Great story. Its sad, but I hardly ever think of scene safety. The police are always on scene here. We did have a murder/suicide last month, and that was the only time I thought to stay back until I was told otherwise. (Didn't know it was murder/suicide at first, just a gunshot wound. Shotgun, more like it)  h34r:


----------



## coloradoemt (Mar 6, 2005)

R.I.P   :lol:


----------



## Wingnut (Mar 6, 2005)

Quote: "At first I was    and then I was  :angry:  but it was a funny story so I'm  :lol: "

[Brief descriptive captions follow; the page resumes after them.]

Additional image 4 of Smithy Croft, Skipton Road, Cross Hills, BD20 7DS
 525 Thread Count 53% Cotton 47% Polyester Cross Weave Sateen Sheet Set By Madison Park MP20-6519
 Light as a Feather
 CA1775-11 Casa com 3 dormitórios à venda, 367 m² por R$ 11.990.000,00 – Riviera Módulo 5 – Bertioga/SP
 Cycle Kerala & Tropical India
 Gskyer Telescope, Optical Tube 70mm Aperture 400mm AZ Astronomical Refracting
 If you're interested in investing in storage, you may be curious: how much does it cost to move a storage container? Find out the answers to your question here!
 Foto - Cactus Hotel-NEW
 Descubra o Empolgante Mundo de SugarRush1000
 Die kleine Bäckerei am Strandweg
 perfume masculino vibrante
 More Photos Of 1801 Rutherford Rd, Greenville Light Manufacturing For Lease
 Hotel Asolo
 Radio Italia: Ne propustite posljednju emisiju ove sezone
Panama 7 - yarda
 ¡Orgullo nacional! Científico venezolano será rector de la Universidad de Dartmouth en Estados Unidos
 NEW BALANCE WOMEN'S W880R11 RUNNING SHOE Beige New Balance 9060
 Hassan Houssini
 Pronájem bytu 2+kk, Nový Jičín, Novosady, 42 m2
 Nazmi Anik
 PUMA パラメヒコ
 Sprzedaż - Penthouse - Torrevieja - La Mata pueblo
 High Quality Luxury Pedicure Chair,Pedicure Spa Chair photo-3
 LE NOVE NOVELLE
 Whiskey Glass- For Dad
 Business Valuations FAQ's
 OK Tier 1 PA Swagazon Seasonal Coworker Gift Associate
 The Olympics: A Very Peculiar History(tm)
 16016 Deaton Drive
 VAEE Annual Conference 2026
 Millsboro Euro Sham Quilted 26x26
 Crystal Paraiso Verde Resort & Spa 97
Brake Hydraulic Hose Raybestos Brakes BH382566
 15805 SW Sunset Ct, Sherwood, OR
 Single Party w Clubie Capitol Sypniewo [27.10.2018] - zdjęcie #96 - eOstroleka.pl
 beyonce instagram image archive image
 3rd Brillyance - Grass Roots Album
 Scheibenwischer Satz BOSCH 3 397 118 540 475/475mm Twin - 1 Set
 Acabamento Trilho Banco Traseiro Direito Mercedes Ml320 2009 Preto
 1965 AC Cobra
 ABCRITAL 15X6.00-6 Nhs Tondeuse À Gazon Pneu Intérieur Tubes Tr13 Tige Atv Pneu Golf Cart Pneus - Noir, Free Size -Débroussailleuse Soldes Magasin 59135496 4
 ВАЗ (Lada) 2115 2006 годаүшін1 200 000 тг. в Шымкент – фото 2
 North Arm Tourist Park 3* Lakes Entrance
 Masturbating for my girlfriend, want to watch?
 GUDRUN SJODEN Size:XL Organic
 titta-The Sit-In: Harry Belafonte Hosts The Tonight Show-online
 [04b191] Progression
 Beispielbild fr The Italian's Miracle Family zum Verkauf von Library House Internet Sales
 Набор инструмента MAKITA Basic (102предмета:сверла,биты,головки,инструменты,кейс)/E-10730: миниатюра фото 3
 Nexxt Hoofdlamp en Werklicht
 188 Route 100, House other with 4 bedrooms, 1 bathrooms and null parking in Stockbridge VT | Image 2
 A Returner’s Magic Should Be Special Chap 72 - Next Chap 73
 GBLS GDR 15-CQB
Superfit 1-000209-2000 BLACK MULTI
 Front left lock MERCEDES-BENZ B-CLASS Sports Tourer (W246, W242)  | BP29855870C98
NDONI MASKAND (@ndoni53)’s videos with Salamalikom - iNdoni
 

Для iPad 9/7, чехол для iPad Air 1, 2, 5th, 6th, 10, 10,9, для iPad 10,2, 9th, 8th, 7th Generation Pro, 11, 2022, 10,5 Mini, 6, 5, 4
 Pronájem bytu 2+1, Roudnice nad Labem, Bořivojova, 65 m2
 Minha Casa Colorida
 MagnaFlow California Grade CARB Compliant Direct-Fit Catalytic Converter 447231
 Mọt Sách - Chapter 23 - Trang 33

LMAO..I couldn't have said it better myself.


----------



## rescuecpt (Mar 6, 2005)

Glad it all turned out ok... but it's a good wakeup call for all of us (especially me, because I'm stupid and adrenaline often overrules my brain)...


----------



## MMiz (Mar 6, 2005)

LOL 

[Moved per poster's request]


----------



## SCEMT-B (Mar 7, 2005)

:lol: Great story! But it does remind us all about scene safety.


----------



## EMTstudent (Mar 8, 2005)

I was very    myself... I for sure thought it was near the end for you    ...until the lights came on.. :unsure: 
But then, I read who your assailants were... and I couldn't help but  :lol:  my butt off...

I hope you enjoyed your easter egg fight... you egg ninja you  h34r:


----------